C’est cette division que fabrique le gouvernement. Ces mêmes politiques qui s’érigent en défenseurs de l’unité nationale, "de logique de rassemblement" et de la cohésion en temps de crise, et qui pourtant, stigmatisent en "essentialisant" les citoyens.
Réagir avec consternation sur l’immoralité des actions est aussi un bon moyen de déplacer de débat.

Ainsi est-il de la responsabilité du pouvoir actuel. Ne pas entendre les colères formulées par la grève, discréditer cette forme contractuelle de contestation, contribue à renvoyer dos à dos la violence des Black Blocks et la légitimité juridique de la cessation de travail, à promouvoir le caractère futile des moyens légaux de contestation. A l’image du droit de vote, la grève risque de devenir le symbole d’une résistance molle et déficiente. Un prêche dans le désert pour salariés crédules et trop sages. Comment éviter cette radicalisation ? Non à coup de phrases assassines et de procédés essentialistes, mais en pratiquant un dialogue social sincère et une écoute réactive aux alternatives proposées (relance par la consommation, défense du service public, réglementation des échanges financiers, projets culturels et éducatifs globaux, etc.). Au risque, sinon, de voir les violences et les radicalismes devenir les nouvelles formes courantes d’expression sociale.

La responsabilité incombe également aux organisations syndicales. Face à la globalisation, les révoltes locales ou nationales seront de moins en moins effectives. Le projet d’un syndicalisme européen parait être la seule voie envisageable pour garder du poids et se faire entendre. Il ne faudrait pas minimiser ces enjeux.

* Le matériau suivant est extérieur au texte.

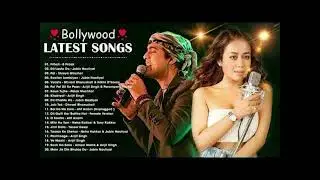 Hindi music studio -Bollywood latest Hindi song 
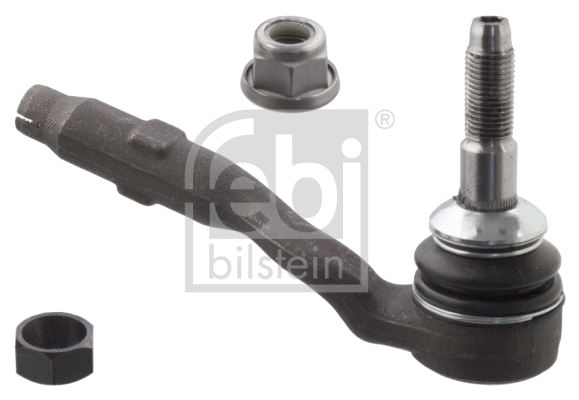 Traukės antgalis FEBI BILSTEIN 39676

Car ne pas revaloriser le droit de grève aurait pour conséquence dramatique de discréditer encore un peu plus ce qui atteste de la bonne santé d’une démocratie : "la chose politique".

(1) France Inter, journal de 13 heures du 20 avril 2009.

(2) Propos tenus au Conseil national de l’UMP, réuni le 5 juillet à la Mutualité de Paris.

(3) 75 % des Français comprennent la grève du 19 mars et selon le sondage IFOP Sud-Ouest, 75 % des Français considéraient que la grève du jeudi 29 janvier était justifiée contraignant d’ailleurs le Président Sarkozy à mesurer son discours – passant de "j’écoute mais je ne tiens pas compte" à "j’écoute et je tiens compte".

(4) ’La Grève’, Guy Groux et Jean-Marie Pernot, p. 20, éd. Sciences Po les presses.

(5) Les fonctionnaires sont interdits de débrayage ou de grève du zèle. La gratuité dans les transports ou dans les musées est fermement condamnée.
(6) Lire le magnifique article de Barthes au sujet de l’usager de la grève in ’Mythologies’, p.125.